• [Work item] Your reply should be the whole listing, copied exactly, with the pictures left out.

• [Data]
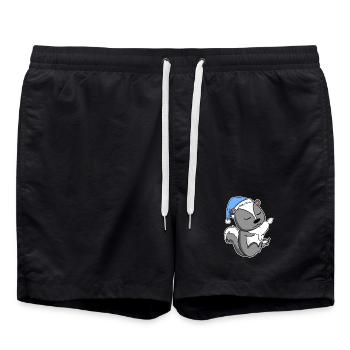 Skunk avec oreiller et bonnet somnolent - Short de bain - noir - Devant - AI Model Male 185 light (185cm)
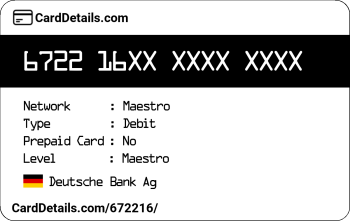 Card Details: 672216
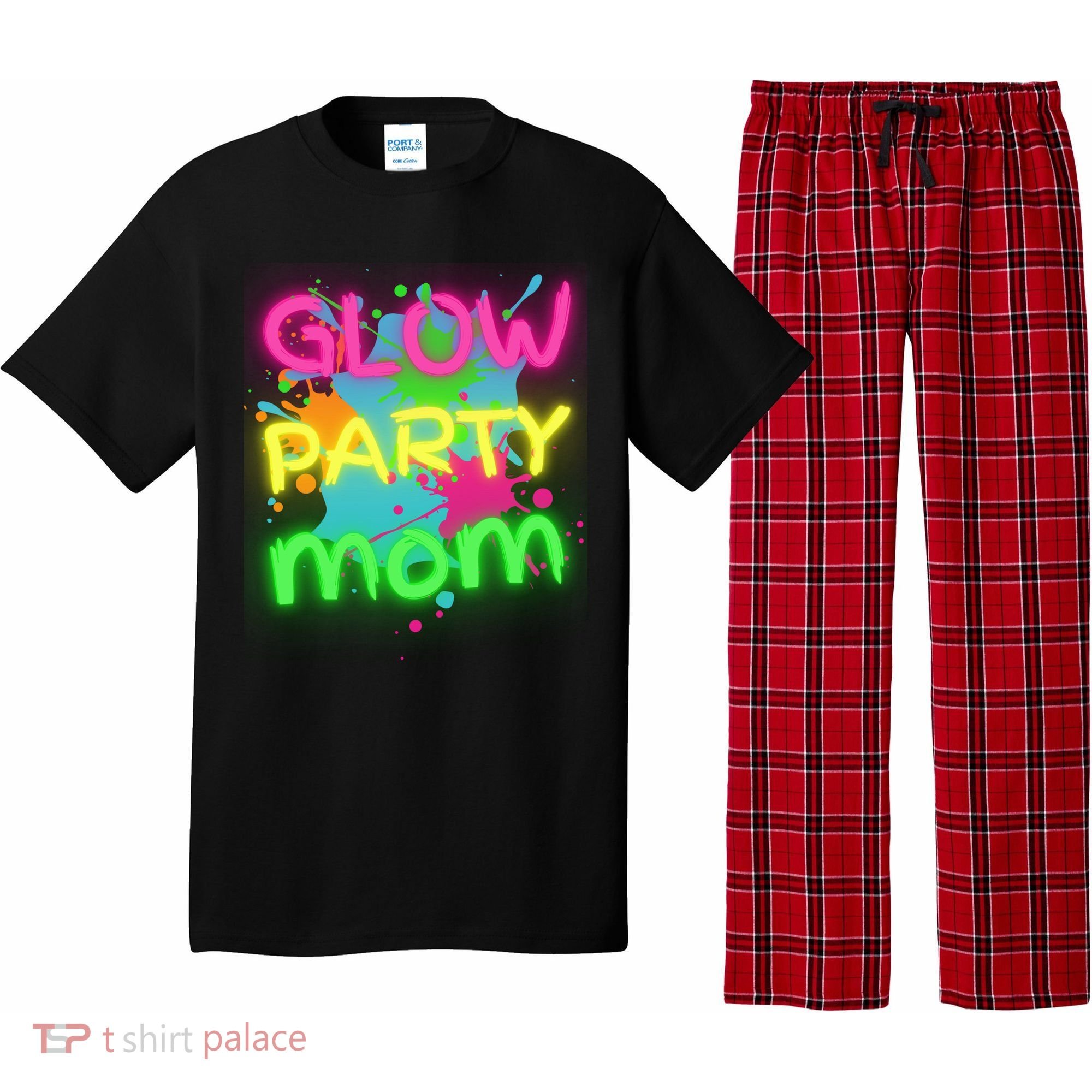 Glow Party Squad Mom Paint Splatter Glow Party Matching Funny Gift Pajama Set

• [Solution to this problem]
 Skunk avec oreiller et bonnet somnolent - Short de bain - noir - Devant - AI Model Male 185 light (185cm)
 Card Details: 672216
 Glow Party Squad Mom Paint Splatter Glow Party Matching Funny Gift Pajama Set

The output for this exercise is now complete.